Directions:
Set down every entry word for word. Omit the pictures.

Information:
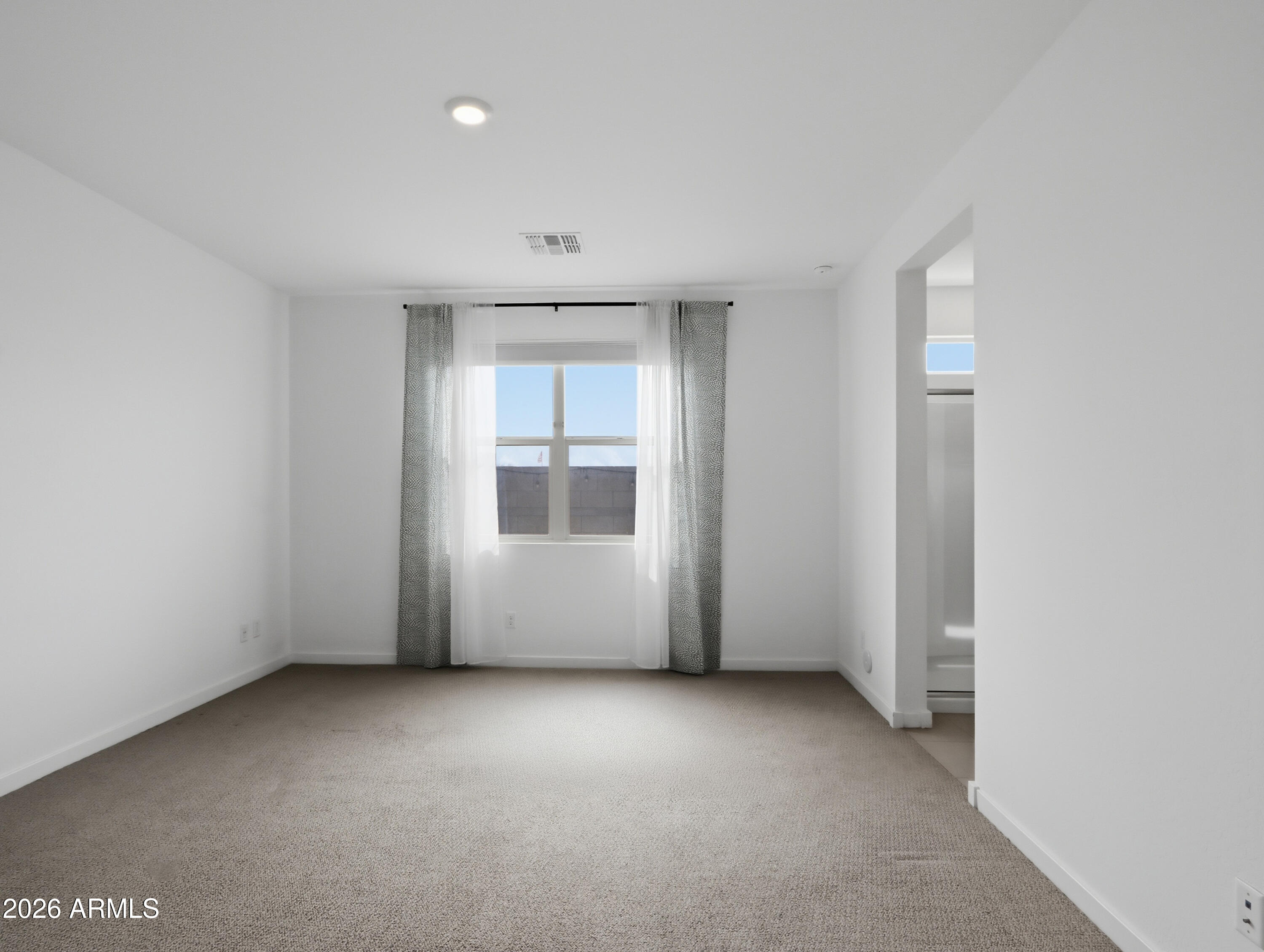 14449 W BUCKSKIN Trail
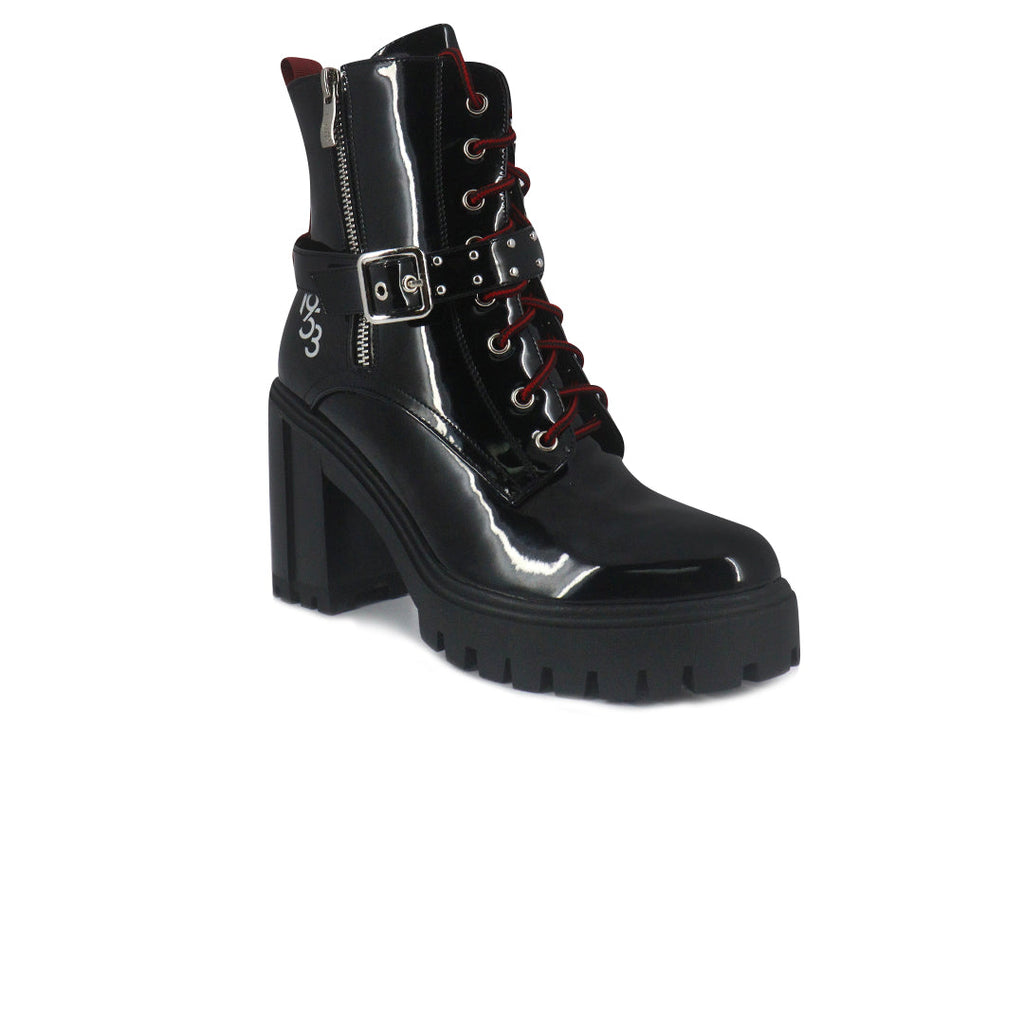 Botas Cheryl 1953 negro para Mujer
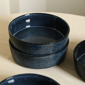 Stone Lain Eden 4pc. Pasta Bowl Stoneware Set - image 5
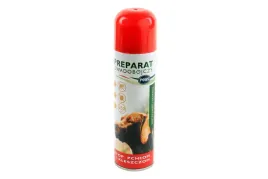 pess-spray-na-pchly-klecze-insekty-dla-psa-250ml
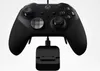Microsoft Xbox One Elite Controller Series 2 Produktbild-Vorschau 3
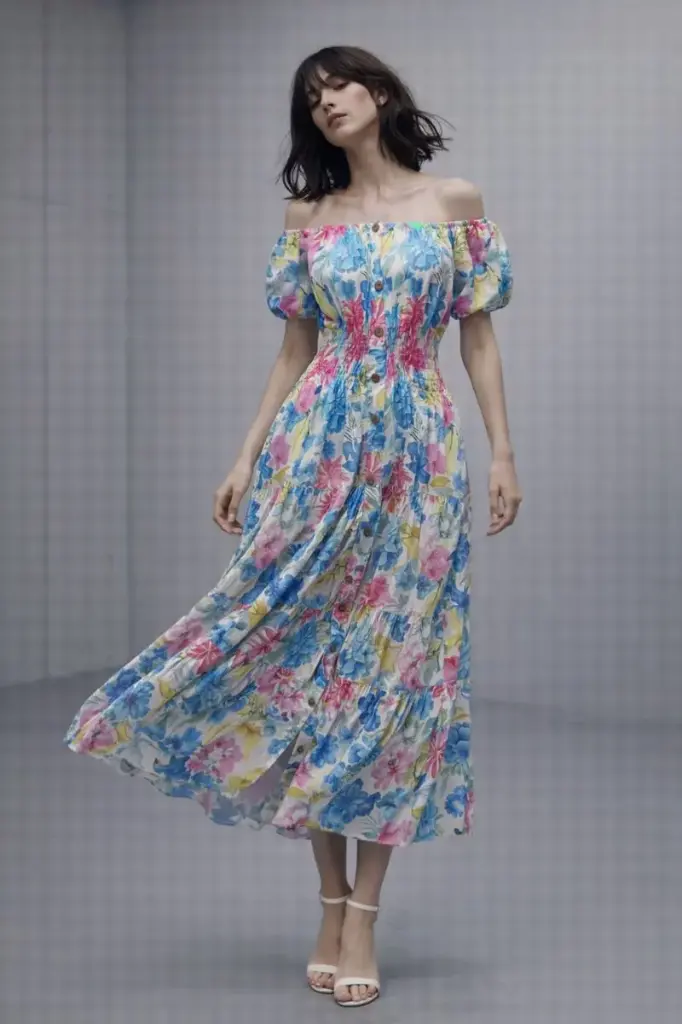 [368print 1`] 368print 1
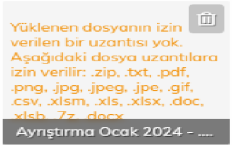 Uyarı.png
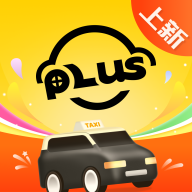 电召PLUS下载 v3.4.3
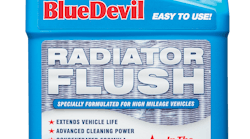 BlueDevil Radiator Flush 54b52a278e643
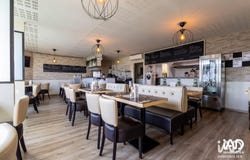 ANDEVILLE, Hauts-de-France 60570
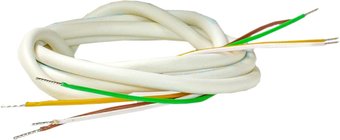 Gidrolock Шлейф Winner 1 м 101127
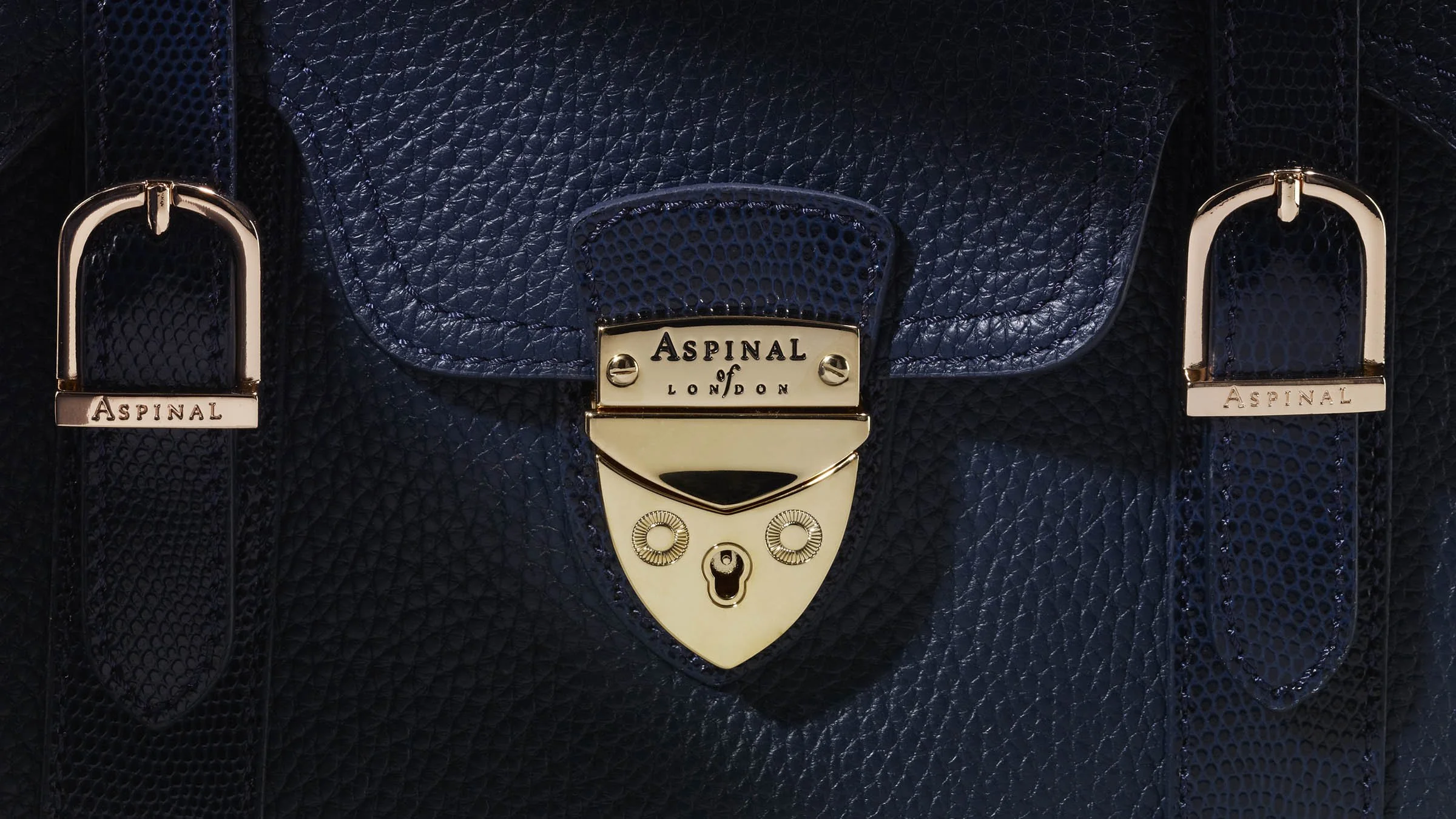 Aspinal bag.jpg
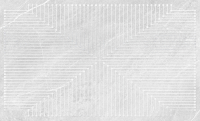 Декоративная плитка Gracia Ceramica Magma Grey Decor 01 (300x500) - 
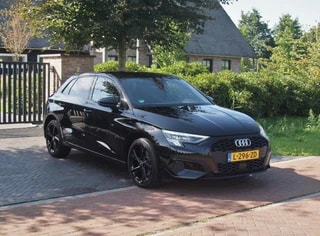 Thumbnail Mobil 4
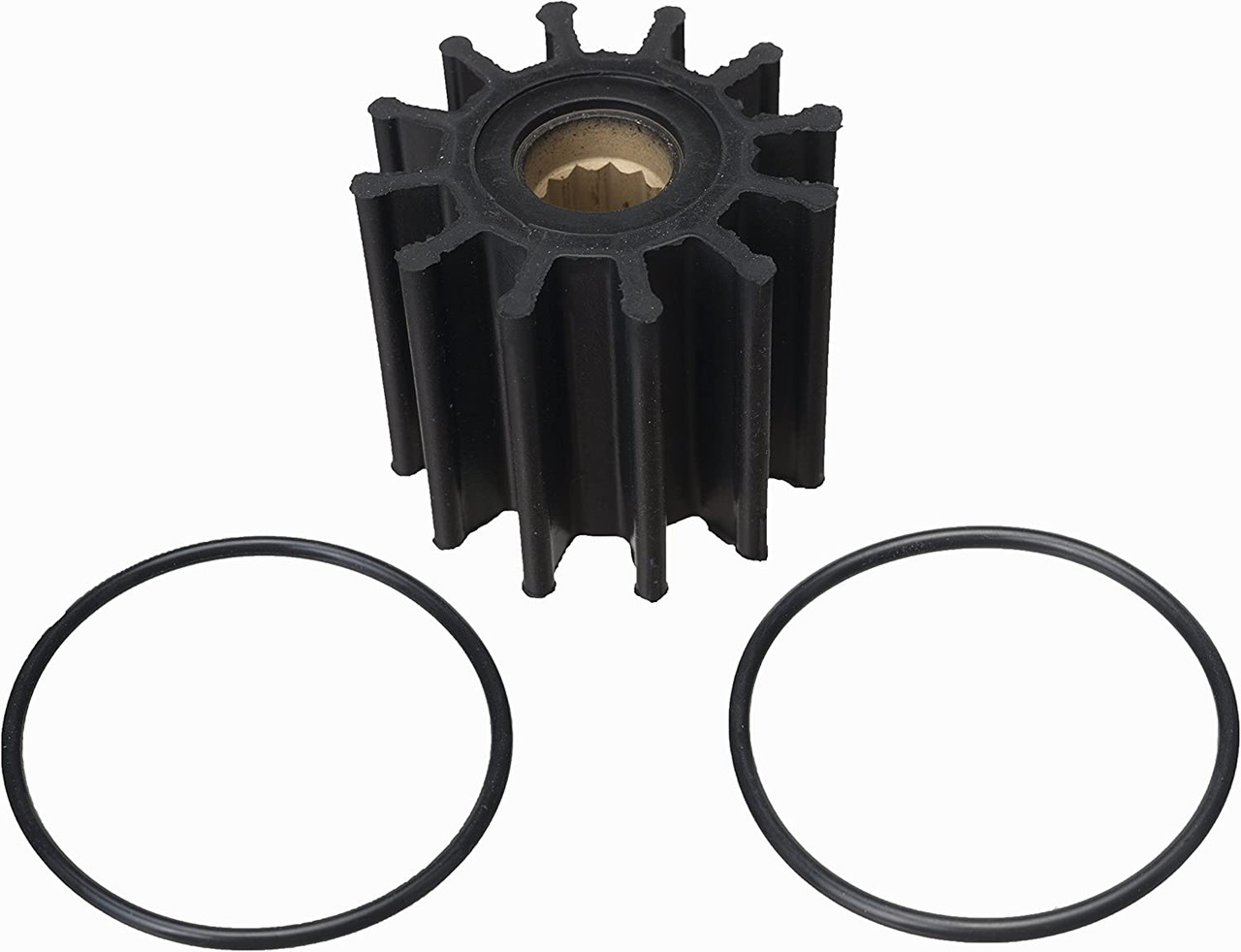 Dometic Impeller 118-30778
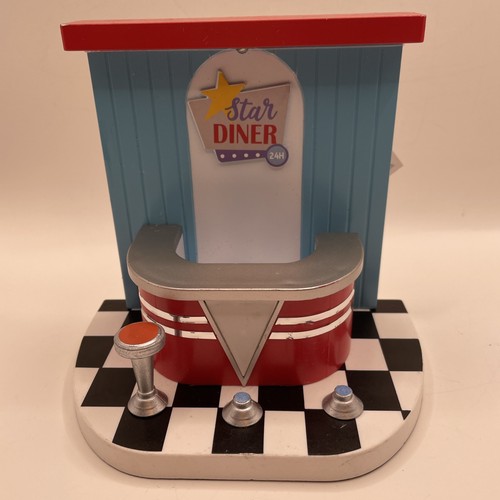 Vintage style target bullseye - style,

Written solution:
 14449 W BUCKSKIN Trail
 Botas Cheryl 1953 negro para Mujer
 Stone Lain Eden 4pc. Pasta Bowl Stoneware Set - image 5
 pess-spray-na-pchly-klecze-insekty-dla-psa-250ml
Microsoft Xbox One Elite Controller Series 2 Produktbild-Vorschau 3
 [368print 1`] 368print 1
 Uyarı.png
 电召PLUS下载 v3.4.3
 BlueDevil Radiator Flush 54b52a278e643
 ANDEVILLE, Hauts-de-France 60570
 Gidrolock Шлейф Winner 1 м 101127
 Aspinal bag.jpg
 Декоративная плитка Gracia Ceramica Magma Grey Decor 01 (300x500) - 
 Thumbnail Mobil 4
 Dometic Impeller 118-30778
 Vintage style target bullseye - style,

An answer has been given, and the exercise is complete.